▶ [What the task requires]
Nothing should appear in the answer except the lines from the one containing "Lego Friends 41027" through the end of the records below, written out exactly.

▶ [Stored data]

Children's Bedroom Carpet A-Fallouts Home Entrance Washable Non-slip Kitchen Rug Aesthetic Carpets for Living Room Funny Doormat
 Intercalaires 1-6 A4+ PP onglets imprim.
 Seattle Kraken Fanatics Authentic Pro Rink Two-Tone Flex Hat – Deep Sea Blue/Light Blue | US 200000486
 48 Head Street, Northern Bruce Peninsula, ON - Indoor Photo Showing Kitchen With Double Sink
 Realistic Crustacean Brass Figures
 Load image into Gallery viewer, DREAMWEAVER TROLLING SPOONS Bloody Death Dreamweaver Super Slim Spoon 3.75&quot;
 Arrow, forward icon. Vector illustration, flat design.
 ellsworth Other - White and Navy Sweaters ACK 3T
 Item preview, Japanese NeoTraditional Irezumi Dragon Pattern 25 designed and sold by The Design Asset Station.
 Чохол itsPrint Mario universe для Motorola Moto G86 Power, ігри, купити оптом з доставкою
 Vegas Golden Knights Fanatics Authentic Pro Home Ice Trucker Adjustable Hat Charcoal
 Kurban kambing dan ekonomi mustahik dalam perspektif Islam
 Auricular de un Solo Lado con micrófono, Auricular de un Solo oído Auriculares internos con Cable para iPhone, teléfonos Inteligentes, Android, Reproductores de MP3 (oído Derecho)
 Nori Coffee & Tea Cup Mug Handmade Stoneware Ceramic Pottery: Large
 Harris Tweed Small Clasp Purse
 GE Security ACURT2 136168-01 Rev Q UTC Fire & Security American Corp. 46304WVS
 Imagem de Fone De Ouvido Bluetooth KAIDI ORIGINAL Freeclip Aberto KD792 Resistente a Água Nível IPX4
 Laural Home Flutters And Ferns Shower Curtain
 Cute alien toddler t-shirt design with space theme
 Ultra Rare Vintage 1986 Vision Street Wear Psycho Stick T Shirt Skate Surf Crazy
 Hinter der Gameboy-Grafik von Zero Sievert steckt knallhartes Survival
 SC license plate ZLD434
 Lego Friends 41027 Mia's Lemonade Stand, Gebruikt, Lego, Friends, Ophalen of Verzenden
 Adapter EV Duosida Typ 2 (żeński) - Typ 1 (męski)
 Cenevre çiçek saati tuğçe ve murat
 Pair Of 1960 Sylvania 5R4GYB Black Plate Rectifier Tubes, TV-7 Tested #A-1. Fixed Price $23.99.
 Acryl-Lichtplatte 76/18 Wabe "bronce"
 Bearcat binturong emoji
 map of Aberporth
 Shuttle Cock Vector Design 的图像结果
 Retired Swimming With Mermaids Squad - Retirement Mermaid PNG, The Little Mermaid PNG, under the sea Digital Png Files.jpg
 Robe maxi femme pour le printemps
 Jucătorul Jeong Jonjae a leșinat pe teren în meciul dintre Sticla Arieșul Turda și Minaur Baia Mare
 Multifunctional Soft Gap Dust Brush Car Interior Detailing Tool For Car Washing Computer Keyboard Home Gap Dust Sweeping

▶ [Answer area]
 Lego Friends 41027 Mia's Lemonade Stand, Gebruikt, Lego, Friends, Ophalen of Verzenden
 Adapter EV Duosida Typ 2 (żeński) - Typ 1 (męski)
 Cenevre çiçek saati tuğçe ve murat
 Pair Of 1960 Sylvania 5R4GYB Black Plate Rectifier Tubes, TV-7 Tested #A-1. Fixed Price $23.99.
 Acryl-Lichtplatte 76/18 Wabe "bronce"
 Bearcat binturong emoji
 map of Aberporth
 Shuttle Cock Vector Design 的图像结果
 Retired Swimming With Mermaids Squad - Retirement Mermaid PNG, The Little Mermaid PNG, under the sea Digital Png Files.jpg
 Robe maxi femme pour le printemps
 Jucătorul Jeong Jonjae a leșinat pe teren în meciul dintre Sticla Arieșul Turda și Minaur Baia Mare
 Multifunctional Soft Gap Dust Brush Car Interior Detailing Tool For Car Washing Computer Keyboard Home Gap Dust Sweeping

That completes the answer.